After Apple refused to crack its own encryption in order to help unlock the iPhone that belonged to the San Bernardino shooter, FBI managed to hack into the device. A new and heavily redacted 100-page document from the FBI provides some context as to how the bureau was able to do so.

According to the documents, the FBI hired a third-party source to help break into the phone of Syed Rizwan Farook, who along with his wife killed 14 people at a holiday gathering in San Bernardino, Calif. in December 2015.

However the bureau kept censored some of the most pertinent information, including who it contracted to complete the work and how much it paid. Those details were marked as “secret” before being turned over.

The documents do reveal the FBI signed a non-disclosure agreement with the contractor it hired for the job. The FBI didn’t seek multiple bids from providers who may be able to complete the task, citing a potential risk to national security were it to widely disclose its needs.

The FBI was approached with inquiries from three different companies interested in helping to unlock the device, but were unable to provide a surefire way to unlock the phone in a timely enough fashion for the FBI, it said.
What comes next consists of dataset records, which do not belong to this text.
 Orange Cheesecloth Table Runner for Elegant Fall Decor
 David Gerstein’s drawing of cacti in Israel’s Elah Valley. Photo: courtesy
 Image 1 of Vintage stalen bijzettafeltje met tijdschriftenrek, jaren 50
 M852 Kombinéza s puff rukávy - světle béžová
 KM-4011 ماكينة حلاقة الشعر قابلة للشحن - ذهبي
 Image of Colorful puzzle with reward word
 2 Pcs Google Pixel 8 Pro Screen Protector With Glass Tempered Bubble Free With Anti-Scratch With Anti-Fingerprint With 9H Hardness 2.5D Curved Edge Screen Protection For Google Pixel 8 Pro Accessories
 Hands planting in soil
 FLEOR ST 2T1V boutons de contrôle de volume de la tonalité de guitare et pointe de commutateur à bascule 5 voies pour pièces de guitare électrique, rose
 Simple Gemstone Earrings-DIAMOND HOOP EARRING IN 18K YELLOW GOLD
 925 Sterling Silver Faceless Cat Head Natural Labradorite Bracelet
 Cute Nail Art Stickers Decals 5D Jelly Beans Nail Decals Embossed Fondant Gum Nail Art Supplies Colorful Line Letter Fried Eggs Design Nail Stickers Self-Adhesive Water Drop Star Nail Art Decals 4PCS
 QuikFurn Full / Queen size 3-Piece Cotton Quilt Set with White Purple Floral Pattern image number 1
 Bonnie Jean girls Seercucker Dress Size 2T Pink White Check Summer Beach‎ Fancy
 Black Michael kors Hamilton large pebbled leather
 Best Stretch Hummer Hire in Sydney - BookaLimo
The records were revealed thanks to a federal lawsuit filed against the FBI by the Associated Press, Vice Media and Gannett. The media organizations filed suit against the bureau after it declined to provide information under a Freedom of Information Act request.

The original requests followed a surprise announcement in March 2016 from the Department of Justice that it had successfully gained access to the iPhone 5C that had belonged to the San Bernardino shooter. The FBI was previously unable to access it, and risked wiping the device if it incorrectly attempted to breach the device’s security.

It was believed at the time only Apple was able to unlock the device. The process would have required the company to undermine its own security protocols, potentially opening up a threat for all its users by proving its encryption could be cracked. Apple refused to unlock the device despite considerable pressure from the Department of Justice.

The FBI declined to provide any information as to how its contractor was able to bypass the security measures and access the device.